How Strong Women Pray

I met Bonnie St. John at our national diversity conference, where she was a featured speaker. The night prior to her speech, she came and talked with a small group of us at dinner. There she gave me some advice about how to think of my career, and we discussed where I work, which she was able to use for her presentation. She was so genuine, enthusiastic - a great person.

She spoke and was incredibly effective, not using any notes. We were told of her accomplishments - Harvard, Rhodes scholar, Parolympic skier, and more. I bought her most recent book, "Live Your Joy." But then I discovered she also wrote "How Strong Women Pray," so I bought that.

It's a book I didn't want to stop reading. In it, Bonnie interviews and tells the stories of a famous set of women and how they pray. They include Barbara Bush, a survivor of Rwandan atrocities, a college president, etc. Into their views on prayer she weaves her story of learning to pray. Her successes in life seem to be ways to block a past of incredible horror she experienced as a child (read the book!). She talks through how she finally recognized the block and uses prayer in her own life.

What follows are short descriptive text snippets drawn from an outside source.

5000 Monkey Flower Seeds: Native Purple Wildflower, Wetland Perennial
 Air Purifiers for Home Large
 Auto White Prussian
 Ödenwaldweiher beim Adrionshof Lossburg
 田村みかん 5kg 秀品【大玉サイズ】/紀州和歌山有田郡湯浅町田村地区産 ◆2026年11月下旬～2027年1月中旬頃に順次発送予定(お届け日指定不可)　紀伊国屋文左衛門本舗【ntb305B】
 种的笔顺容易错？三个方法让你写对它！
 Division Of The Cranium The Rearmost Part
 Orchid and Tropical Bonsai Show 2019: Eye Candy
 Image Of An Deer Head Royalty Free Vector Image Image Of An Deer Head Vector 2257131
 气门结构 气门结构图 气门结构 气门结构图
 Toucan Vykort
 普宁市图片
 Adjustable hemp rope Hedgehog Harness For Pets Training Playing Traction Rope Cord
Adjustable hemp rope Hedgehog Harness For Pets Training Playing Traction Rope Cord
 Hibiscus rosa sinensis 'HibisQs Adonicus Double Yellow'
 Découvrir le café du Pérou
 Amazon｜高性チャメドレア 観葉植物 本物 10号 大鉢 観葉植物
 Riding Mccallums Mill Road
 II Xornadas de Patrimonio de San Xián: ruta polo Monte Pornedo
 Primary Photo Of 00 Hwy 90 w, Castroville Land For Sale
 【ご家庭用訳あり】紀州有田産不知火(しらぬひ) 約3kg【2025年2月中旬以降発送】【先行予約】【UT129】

In reading, I found myself pulled into her story, but also the various ways that people pray - alone, as couples, in groups, etc. I thought of how I prayed, but I learned how I could "better" pray (if that makes sense). I was brought up on set prayers - like the Lord's Prayer. Later I prayed outside formal prayers - typical of many kids, I would pray to run a race well, to get a good grade on a test, etc. As an adult I seemed confused of the mixture between set prayers and other prayers. And the other prayers changed, because God wasn't the decider on me winning a race or getting a good grade on a test. I wasn't quite sure when to pray - it can be any time.

Near the end, Bonnie has a prayer group (I've never done this - it still seems a bit odd). When she leads, she does something a little differently - she asks 3 questions, so I've thought how I wouls answer those...

Tell a story about the power of prayer in your life.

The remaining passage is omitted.